ACTIVITY:
Look in the listing below for the line that has "Immagine 13 di", then return it and each following line up to and including the one with "481 S 50 E, Burley, ID 83318", exactly and without pictures.

MATERIAL TO PROCESS:
---------------
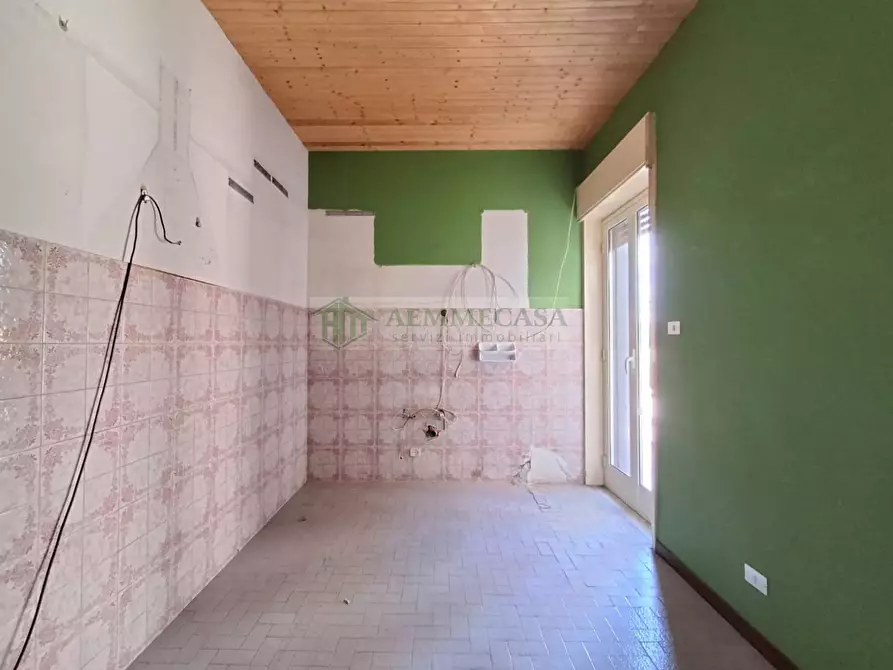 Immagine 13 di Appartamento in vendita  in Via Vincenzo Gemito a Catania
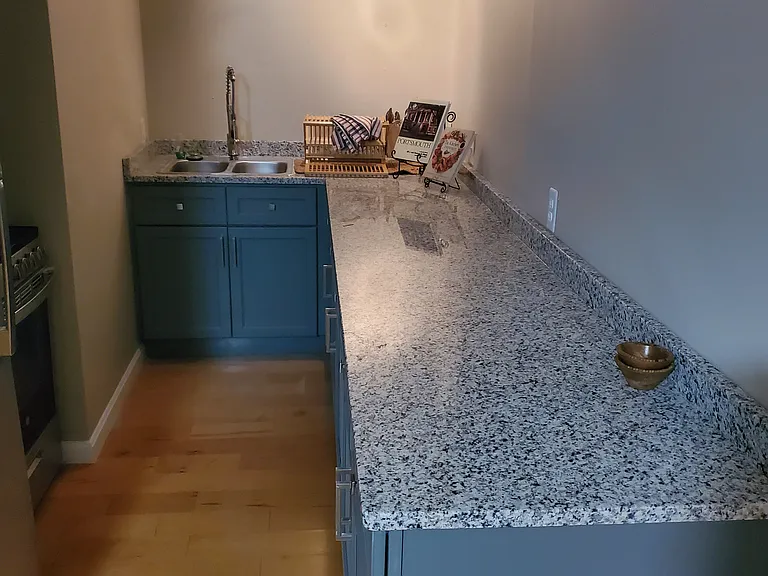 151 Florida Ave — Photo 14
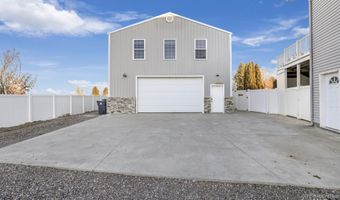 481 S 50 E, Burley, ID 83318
---------------
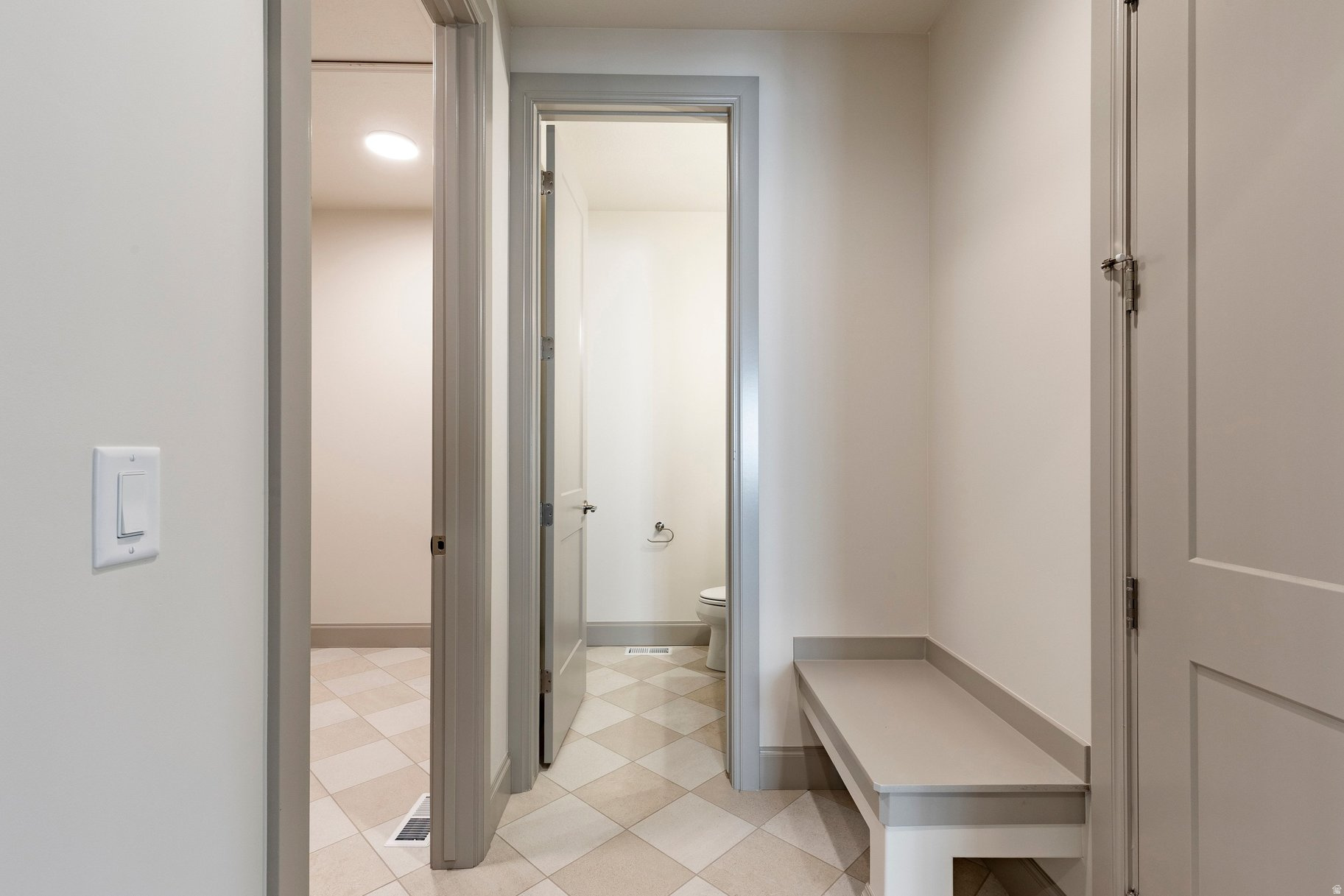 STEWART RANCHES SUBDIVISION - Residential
---------------
EXERCISE RESPONSE:
 Immagine 13 di Appartamento in vendita  in Via Vincenzo Gemito a Catania
 151 Florida Ave — Photo 14
 481 S 50 E, Burley, ID 83318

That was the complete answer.